** Opening Data section block **

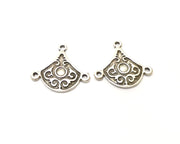 4 Silver Connector Charms Antique Silver Plated Charms (27x25mm)  G17585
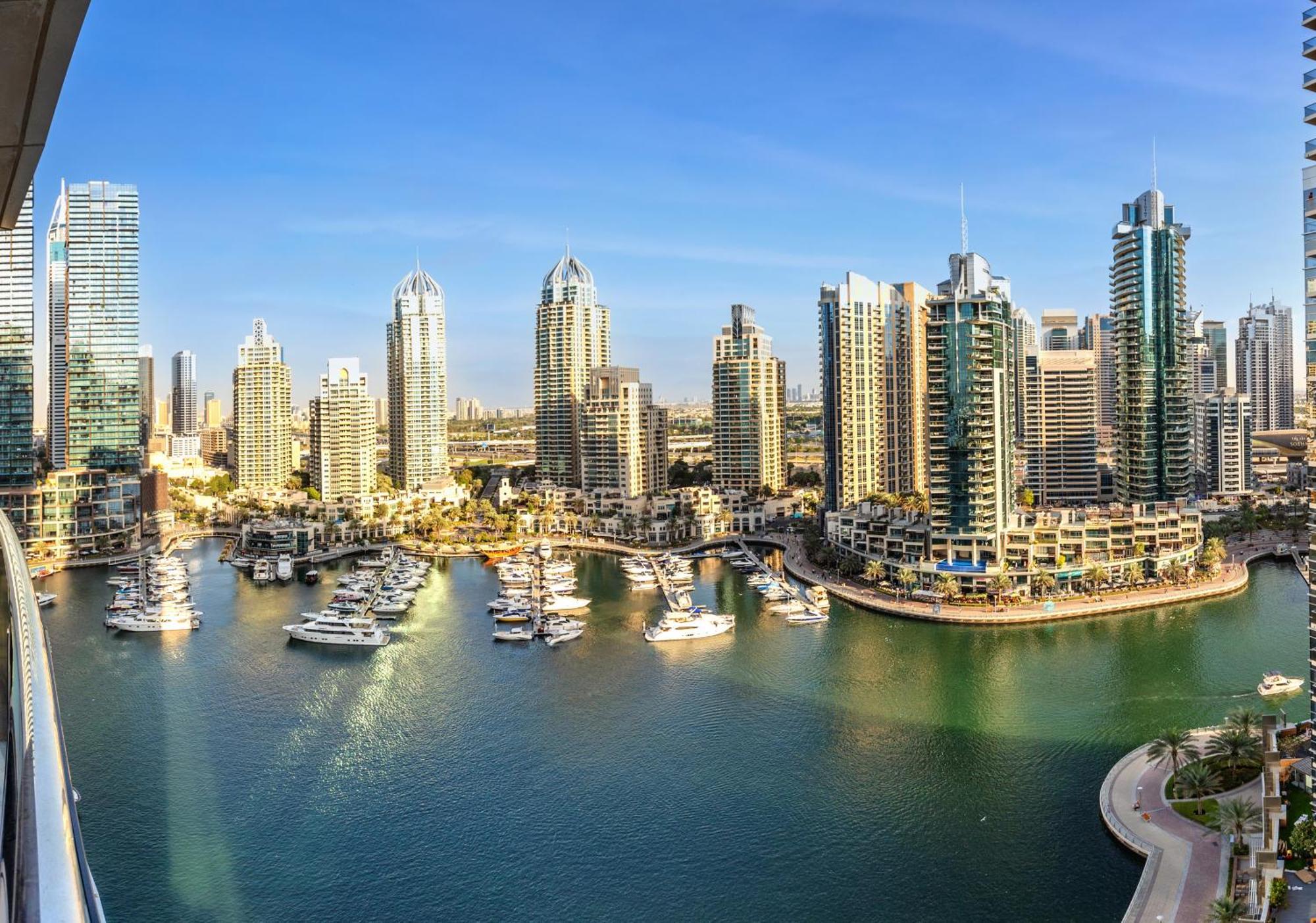 Stunning Marina View In Marina *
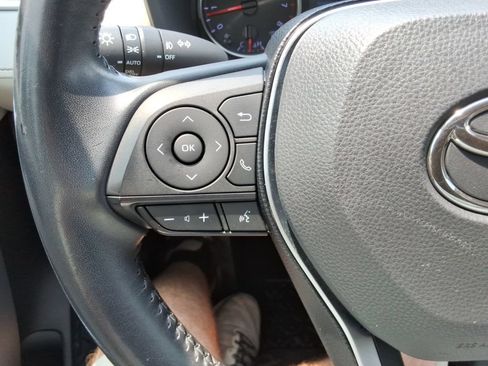 Used 2019 Toyota RAV4 XLE Premium FWD image 28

** Closing Data section block **

* Aim of the exercise: Skip the pictures; extract only the lines from the line with "Stunning Marina View In Marina *" through the final line of the material, exactly as they appear.

* Solved exercise:
 Stunning Marina View In Marina *
 Used 2019 Toyota RAV4 XLE Premium FWD image 28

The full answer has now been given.